Hoffnung am Ende des Meeres
Die Initiative unter der Leitung von Wohnheim für Migrantenbesteht seit 2016 und erhält keine öffentliche Förderung. „Es ist sehr gewalttätig, dass Menschen ständig draußen sind, auch wenn es kalt ist und viel regnet“, bedauert Romane, Woodyard-Koordinator, der heute die Verteilung leitet. Sie nimmt erneut den Weg, diesmal in Richtung dreier junger Männer.
„Ich komme aus Eritrea, ich bin gestern in Calais angekommen“, sagt einer von ihnen und versteckt sich so gut er kann unter seinem Regenmantel. Er reiste durch Libyen und Italien und beantragte in Frankreich Asyl, ein Antrag, der abgelehnt wurde. Er setzt seine Reise fort, in der Hoffnung, im Vereinigten Königreich willkommen geheißen zu werden. „Nein“, er habe keine Angst davor, den Ärmelkanal mit einem provisorischen Boot zu überqueren, versichert er.
Und er vertraute mit zitternder Stimme an: „Ich habe mein Land im Jahr 2015 verlassen. Es sind also neun, fast zehn Jahre vergangen. Es ist mein Leben …“ Trotz dieser Jahre auf Reisen hofft er, sein Studium im Vereinigten Königreich wieder aufzunehmen.
Auf der anderen Seite
Nach vier Monaten in Calais und einem gescheiterten Überfahrtsversuch gelang es Ali* schließlich, an Bord eines „kleinen Bootes“ (auf Englisch „small boat“) über den Ärmelkanal nach England zu gelangen. Ursprünglich aus Somalia stammend, reiste er durch Spanien und Frankreich, bevor er England erreichte. „Aus Sicherheitsgründen sind wir mit dem Boot hierher gekommen“, erklärt er. „Es ist nicht angenehm, aber es ist die Reise.“
Die Überfahrt ist gefährlich, insbesondere weil sie an Bord vollgestopfter Schlauchboote erfolgt. Seit Januar sind 54 Menschen beim Versuch der Überfahrt gestorben. Eine Zahl, die 2024 zu einem besonders tödlichen Jahr macht.

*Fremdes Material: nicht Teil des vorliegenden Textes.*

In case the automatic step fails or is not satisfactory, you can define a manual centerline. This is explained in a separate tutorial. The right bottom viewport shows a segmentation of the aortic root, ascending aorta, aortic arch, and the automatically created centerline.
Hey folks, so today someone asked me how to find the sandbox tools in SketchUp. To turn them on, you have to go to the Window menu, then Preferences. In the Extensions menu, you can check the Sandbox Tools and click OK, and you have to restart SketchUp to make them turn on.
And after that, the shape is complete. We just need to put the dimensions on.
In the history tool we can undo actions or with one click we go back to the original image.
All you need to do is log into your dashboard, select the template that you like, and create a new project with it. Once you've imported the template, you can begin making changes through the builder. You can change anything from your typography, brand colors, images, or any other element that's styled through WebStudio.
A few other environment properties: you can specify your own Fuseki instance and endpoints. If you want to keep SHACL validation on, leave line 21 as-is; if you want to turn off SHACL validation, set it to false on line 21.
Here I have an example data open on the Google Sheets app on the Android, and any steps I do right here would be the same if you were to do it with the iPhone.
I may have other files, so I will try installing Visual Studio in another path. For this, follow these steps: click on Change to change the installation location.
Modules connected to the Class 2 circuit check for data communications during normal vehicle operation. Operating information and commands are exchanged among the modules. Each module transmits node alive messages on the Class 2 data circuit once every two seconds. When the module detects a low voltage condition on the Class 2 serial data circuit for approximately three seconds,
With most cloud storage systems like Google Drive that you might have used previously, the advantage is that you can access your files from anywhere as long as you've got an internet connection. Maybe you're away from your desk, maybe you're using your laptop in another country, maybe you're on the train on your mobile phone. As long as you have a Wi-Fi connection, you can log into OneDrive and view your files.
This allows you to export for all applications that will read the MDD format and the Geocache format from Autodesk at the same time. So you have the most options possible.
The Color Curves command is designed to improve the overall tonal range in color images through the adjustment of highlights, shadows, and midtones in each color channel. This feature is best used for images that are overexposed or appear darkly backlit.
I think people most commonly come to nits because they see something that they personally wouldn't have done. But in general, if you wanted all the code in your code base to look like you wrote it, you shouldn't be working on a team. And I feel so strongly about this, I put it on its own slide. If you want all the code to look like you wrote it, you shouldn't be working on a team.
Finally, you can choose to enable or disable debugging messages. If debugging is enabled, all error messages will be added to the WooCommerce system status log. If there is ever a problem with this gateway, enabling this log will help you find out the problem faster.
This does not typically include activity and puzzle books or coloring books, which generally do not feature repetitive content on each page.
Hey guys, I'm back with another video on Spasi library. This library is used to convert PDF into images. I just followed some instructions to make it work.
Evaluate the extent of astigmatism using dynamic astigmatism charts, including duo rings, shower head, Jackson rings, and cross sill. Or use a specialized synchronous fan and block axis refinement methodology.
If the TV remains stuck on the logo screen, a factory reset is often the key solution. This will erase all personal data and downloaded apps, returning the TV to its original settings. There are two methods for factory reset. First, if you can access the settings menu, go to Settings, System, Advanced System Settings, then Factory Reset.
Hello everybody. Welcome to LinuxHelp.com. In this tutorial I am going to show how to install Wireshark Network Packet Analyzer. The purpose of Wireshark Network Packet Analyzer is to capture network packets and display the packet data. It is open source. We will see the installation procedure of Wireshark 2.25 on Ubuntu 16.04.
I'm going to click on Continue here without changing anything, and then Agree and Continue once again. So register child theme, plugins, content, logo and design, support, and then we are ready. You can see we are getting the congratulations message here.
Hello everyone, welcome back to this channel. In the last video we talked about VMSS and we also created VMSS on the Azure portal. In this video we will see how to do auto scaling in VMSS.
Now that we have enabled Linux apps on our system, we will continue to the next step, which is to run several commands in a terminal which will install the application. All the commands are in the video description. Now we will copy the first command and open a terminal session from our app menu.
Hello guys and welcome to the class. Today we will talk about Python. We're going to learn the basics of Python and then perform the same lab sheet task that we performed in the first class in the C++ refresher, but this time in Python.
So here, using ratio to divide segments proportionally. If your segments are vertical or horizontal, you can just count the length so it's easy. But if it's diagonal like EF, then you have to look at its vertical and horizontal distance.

Untergebracht in einer Militärkaserne
Ali* ist derzeit in „Napier Barracks“ untergebracht, einer ehemaligen Militärkaserne, die in ein Zentrum für Asylbewerber umgewandelt wurde und seinen Sitz in Folkestone, einer Küstenstadt im Süden des Vereinigten Königreichs, hat. Der Standort ist umstritten, da das als nicht konform eingestufte Gebäude abgerissen werden musste. Die Nutzung wurde schließlich bis 2025 verlängert.
Etwa 300 Menschen seien dort untergebracht, erklärt Sally Hough, Leiterin des „Drop in Center“ein Aufnahmezentrum für Asylsuchende mit Wohnsitz in den Napier Barracks. Das Zentrum befindet sich in einem kleinen Häuschen mit Spitzdach neben der Folkestone-Kirche und ist jeden Mittwoch geöffnet. Wir geben Verwaltungsberatung, wir tauschen Ideen aus, wir kochen und wir tauschen Ideen aus. Unter denen, die dort stehen bleiben, finden wir Ali.
Der Mythos vom Boot
„Mehr als 50 % der in den Napier Barracks untergebrachten Menschen kamen mit dem Flugzeug und weniger als 50 % mit dem Boot. Es ist ein Mythos zu glauben, dass sie alle mit dem Boot kamen. (…) Nach ihrer Ankunft in Dover zerstreuen sich diese Menschen auf der anderen Seite „In unserem Land können sie erst dann untergebracht werden, wenn sie im Asylsystem registriert sind“, betont Sally Hough.
Dies ist bei Ali der Fall. Nachdem er an der englischen Küste angekommen war, machte er sich direkt auf den Weg nach London. Erst als sein Asylantrag registriert war, brachten ihn die Behörden in dieser Unterkunft vor den Toren des Ärmelkanals unter. Er blickt oft auf dieses Meer vor seinen Augen. „Es erinnert mich an den Tag der Reise. Manchmal gehen wir dorthin, nur um es uns anzusehen. Ich erinnere mich immer daran, was passiert ist. Ich erinnere mich und werde es nie vergessen.“
Ali hat bereits sein erstes Asylgespräch gehabt, er wartet auf das zweite, in der Hoffnung, seine Frau und seine Eltern mitzubringen.